## **ENTITY VALUE EXTRACTION**

### 0. SETTING UP

In [8]:
import os
import cv2

In [9]:
# DATABASE LOCATION
dataset_path = "data/"

train_path = dataset_path + "train.csv"
test_path = dataset_path + "test.csv"
sample_test_path = dataset_path + "sample_test.csv"

In [10]:
# test if paths exist
import os

for path in [train_path, test_path, sample_test_path]:
    if not os.path.exists(path):
        print(f"Missing CSV File: {path}")

### 1. HELPER FUNCTIONS

In [67]:
def display_image(image):
    plt.figure(figsize = (10, 5))
    plt.imshow(image)
    plt.axis('off')
    plt.show()

In [87]:
def find_all_indices(s, substring):
    pattern = re.compile(re.escape(substring))
    matches = pattern.finditer(s)
    return [match.start() for match in matches]

### 2. TRAINING

In [12]:
import re
from PIL import Image
import matplotlib.pyplot as plt

from paddleocr import PaddleOCR, draw_ocr

from constants import unit_variations, entity_unit_map

In [124]:
image_path = dataset_path + "special_images/image_2.jpg"
image_entity = "item_weight"
font_path = "fonts/latin.ttf"

#### (i) PREPROCESSING

In [141]:
image = cv2.imread(image_path)

In [142]:
def preprocess_image(image):
    pre_image = cv2.cvtColor(image, cv2.COLOR_BGR2RGB)
    """
    pre process some tings
    """

    return pre_image

In [143]:
image = preprocess_image(image)

In [None]:
print("Preprocessed Image")
display_image(pre_image)

#### (ii) TEXT RECOGNITION

In [None]:
ocr = PaddleOCR(use_angle_cls=True, lang='en')

In [145]:
def get_ocr(image_array):
    return ocr.ocr(pre_image)

In [146]:
def show_ocr(result):
    boxes = [item[0] for item in result[0]]
    texts = [item[1][0] for item in result[0]]
    scores = [item[1][1] for item in result[0]]
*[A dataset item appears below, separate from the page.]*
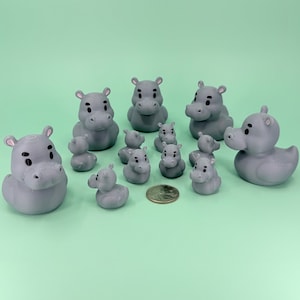 May include: A collection of gray hippo figurines of various sizes, including a duck-shaped hippo, arranged on a light green surface. A coin is placed among the figurines. The hippos have black eyes and pink ears.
    im_show = draw_ocr(image, boxes, texts, scores, font_path="fonts/latin.ttf")
    display_image(im_show)

In [None]:
result = ocr.ocr(pre_image)

In [None]:
print("OCR Output:")
show_ocr(result)

#### (iii) POST PROCESSING

In [134]:
def extract(result):
    extracted_measurements = set()

    for r in result[0]:
        location, line = r
        text = line[0]
        # print("full text:", text)

        for unit in entity_unit_map[image_entity]:
            for rep in unit_variations[unit]:
                indices = find_all_indices(text, rep)

                for index in indices:
                    if index <= 0:
                        continue

                    numbers = [""]
                    reformat = text[:index].replace(' ', '')

                    i = len(reformat) - 1

                    while (i >= 0) and (reformat[i].isnumeric() or reformat[i] in ['-', '.', ',']):
                        char = reformat[i]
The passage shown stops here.